Müßig darüber zu schreiben, welchen Instrumentariums sie sich bei ihren Konzerten bedienten, man mußte es einfach gesehen haben, es war der absolute Wahnsinn und kann nur mit ärmlichen Worten beschrieben werden.

Es war eine wilde Zeit, in der es vornehmlich allen darum ging, alte, festgefahrene und erstarrte Strukturen aufzubrechen und neuen Klangwelten Raum zu geben. A jolly good time was!

Mich reizte vor allem die Überlegung, ob diese völlig freie Art des Musikmachens, welche ich aus dem Jazz kennengelernt hatte, auf das Genre der Rockmusik übertragbar sei.

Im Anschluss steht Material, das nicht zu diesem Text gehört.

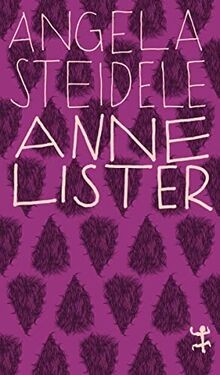 Anne lister eine erotische - lister:,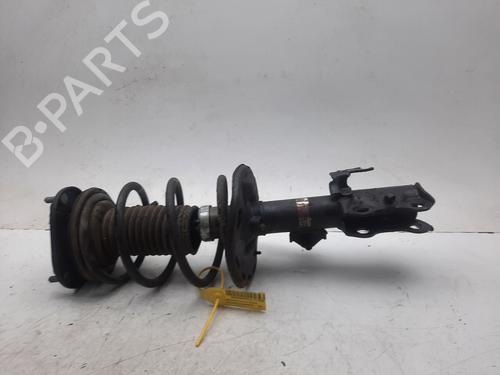 Left front shock absorber TOYOTA AURIS (_E15_)  | BP12823374M16 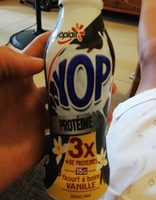 YOP Protéine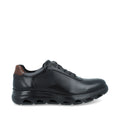 Tenis Urbano Trender color Negro para Hombre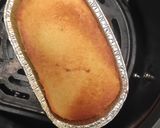 Foto langkah ke 4 dari resep Keto bread airfryer.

Viele Weggefährten zählte ich auf dieser Reise durch neue, phantastische Klangwelten, wobei nicht alles automatisch auch gut war, nur weil es neu war. Aber es erweiterte den eigenen Horizont ungemein, die Sensibilität für das Spiel mit anderen wurde durch die Improvisation merklich gesteigert. Es waren blutige Anfänge, aber sie bildeten die Basis für die nachfolgenden Bands kommender Jahre unter diesem Label – so unterschiedlich sie auch sein mochten!
Wo Bild- und Tonmaterial noch in einigermaßen erträglichem Zustand sich erhalten haben, wurden sie den Postings beigefügt!
In diesem Sinne: Ab dafür!

Scannen0008

Blattgrün

Nach zahllosen Sessions mit unterschiedlichsten Musikern war Blattgrün die erste „richtige“ Band unter dem SMC-Label. „Richtig“ in dem Sinne, dass hier zum ersten Mal eine feste Besetzung über einen längeren Zeitraum zusammenspielte.
Hier wurde zum ersten Male versucht Rock-Strukturen und freie Improvisationen miteinander zu verbinden – mit manchmal gutem und manchmal auch zweifelhaftem Erfolg.
Die Besetzung von links nach rechts:
Erlend Remie – guitar & bass
Don Alkebulan – percussion
Mike Molotov – drums & metals
Thorwald Menzel – organ
Gunnar Schillings – bass, guitar & vocals
Das Foto gibt die Szene wider, als ich – zum wiederholten Male – die beiden Streithähne Erlend und Gunnar zum Handschlag mit „Versöhnung“ auffordern mußte, da sich die beiden Herren zum x-ten Mal darüber in die Haare gekommen waren, wer denn nun „Haupt-Gitarrist“ und „Haupt-Bassist“ dieser Kapelle sei – eine Frage, die ich auch heute, nach 35 Jahren – nicht beantworten kann.!
Stark von Bands wie „Amon Düül 2“ und „Gong“ beeinflußt fand sich die Gruppe Mitte der Siebziger im musikalischen Niemandsland der „Nach-Hippie“- und „Vor-Punk“- Bewegung wieder.

800+Phon+Group+(2)

Scannen0063

800 Phon Group

Besetzung v.l.n.r.:
Erlend Remie – guitar & bass
Gunnar Schillings – bass & guitar
Willi Kappes – vocals, guitar & keyboards
Mike Molotov – drums & metals
Thorwald Menzel – organ

Irgendwann 1977 traf ich Willi Kappes, der damals in Aachen einen Ruf als skurrilster „Allein-Unterhalter rockig-experimenteller Prägung“ hatte und sprach ihn nach einem Solo-Konzert am Elisenbrunnen auf seine musikalischen Vorlieben an. Er lud mich damals zu sich nach Hause ein und noch bevor es zu einem Gespräch kam, mußte ich mir alle Presseberichte Aachener Zeitungen über seine nicht wenigen Konzerte in Aachen und Umgebung ansehen, durchlesen und kommentieren. Willi war schon ´ne Marke!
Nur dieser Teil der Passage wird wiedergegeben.